• **Task data**:
BEGIN

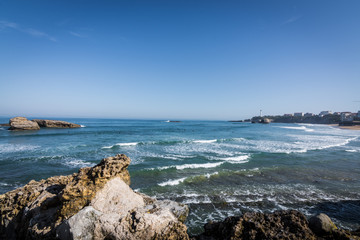 Fototapeta na wymiar Vue sur la baie de Biarritz - Pays basque français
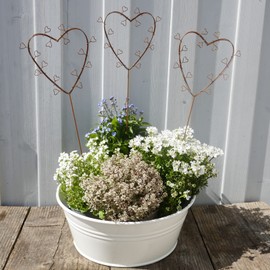 Storm's Gartenzaubereien Decorative Garden Stake Hearts Set of 3 for Inserting in Rust Look 38 cm High for Wedding and Garden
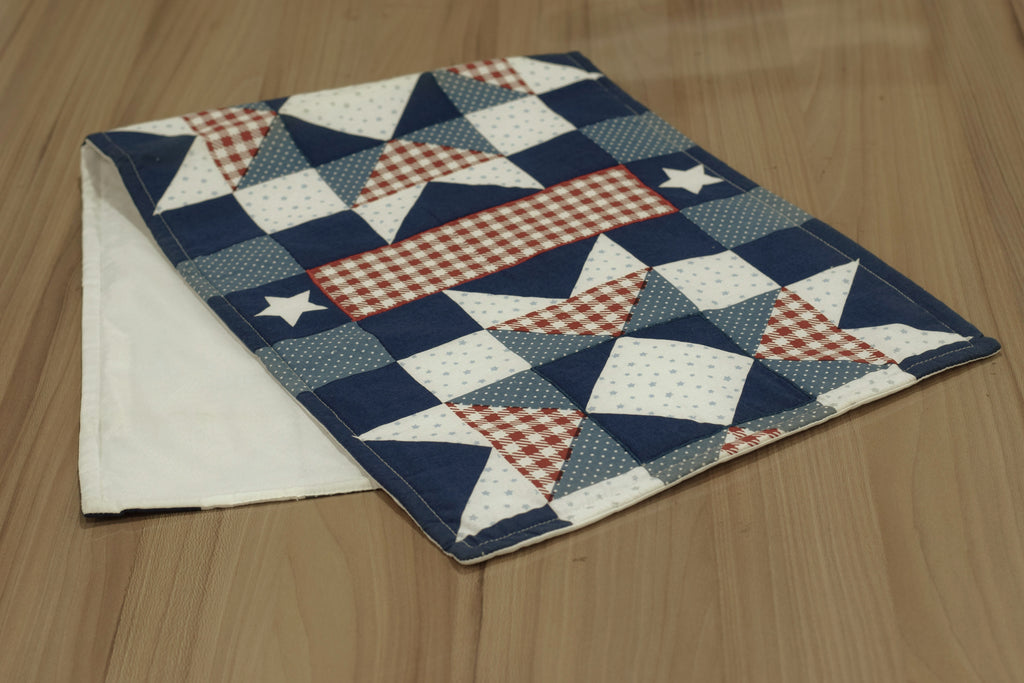 Geometric Patchwork Table Runner – Navy Blue & Red Decorative Table Mat | 90 × 35 cm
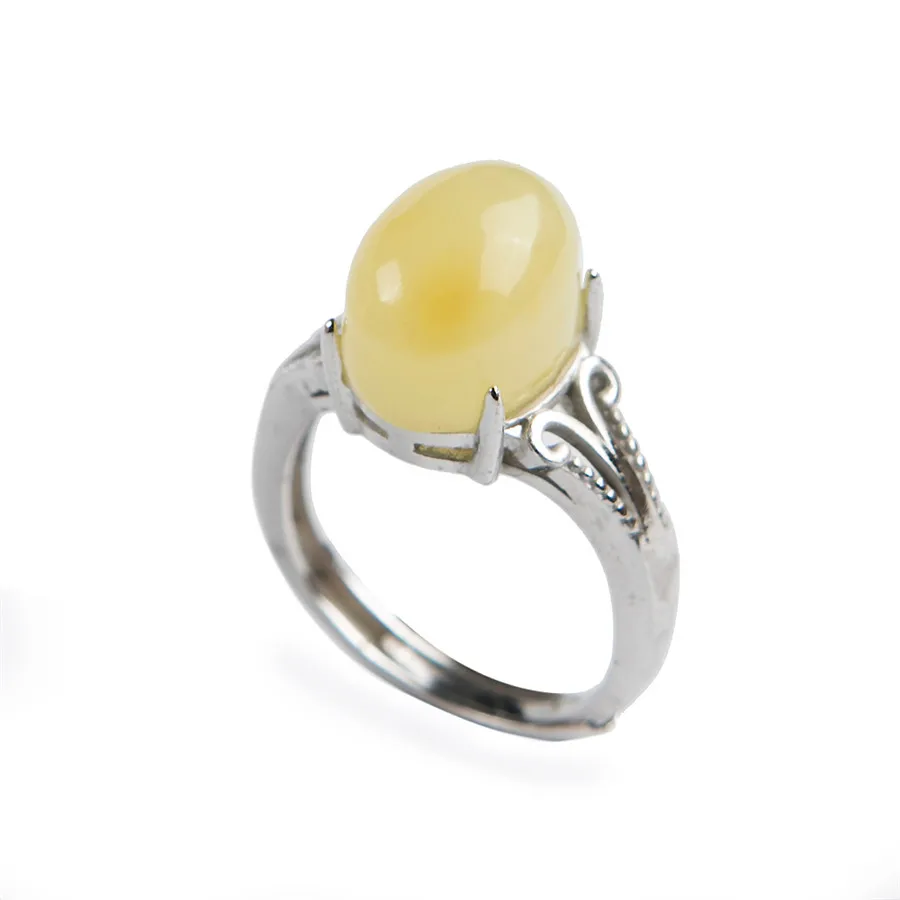 Genuine Natural Yellow Rare Round Crystal Bead Fashion Stering Sliver Lady Party Adjustable Size Ring 12*9*8MM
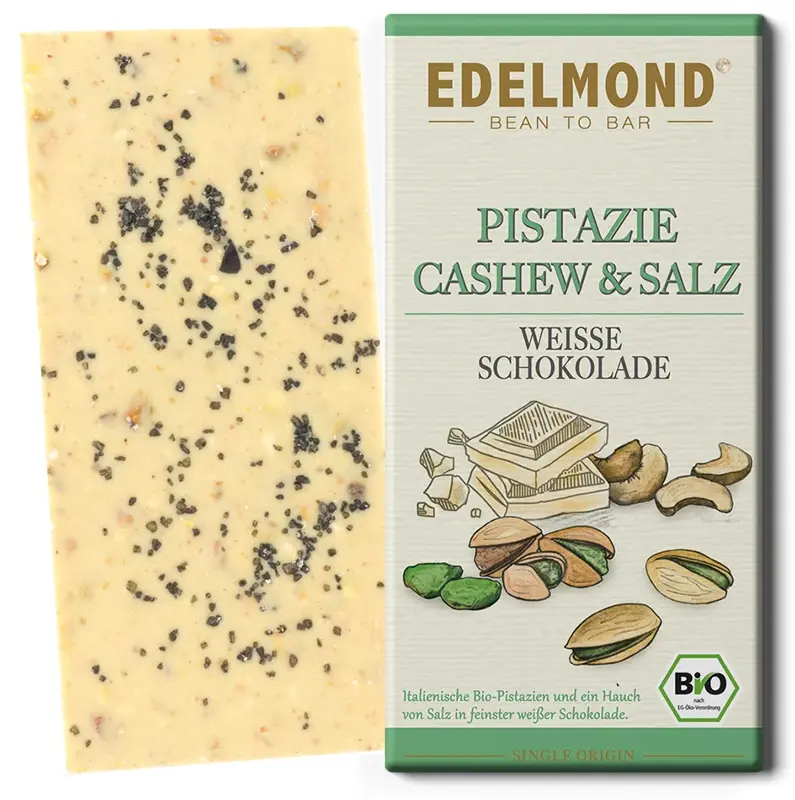 EDELMOND | Weisse Schokolade »Pistazie, Cashew & Salz« | BIO | 80g Weiße Schokolade mit Pistazien, Cashew und Salz von Edelmond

END

Skip every picture, and give the rest of the material above again exactly.

• **Result of the task**:
 Fototapeta na wymiar Vue sur la baie de Biarritz - Pays basque français
 Storm's Gartenzaubereien Decorative Garden Stake Hearts Set of 3 for Inserting in Rust Look 38 cm High for Wedding and Garden
 Geometric Patchwork Table Runner – Navy Blue & Red Decorative Table Mat | 90 × 35 cm
 Genuine Natural Yellow Rare Round Crystal Bead Fashion Stering Sliver Lady Party Adjustable Size Ring 12*9*8MM
 EDELMOND | Weisse Schokolade »Pistazie, Cashew & Salz« | BIO | 80g Weiße Schokolade mit Pistazien, Cashew und Salz von Edelmond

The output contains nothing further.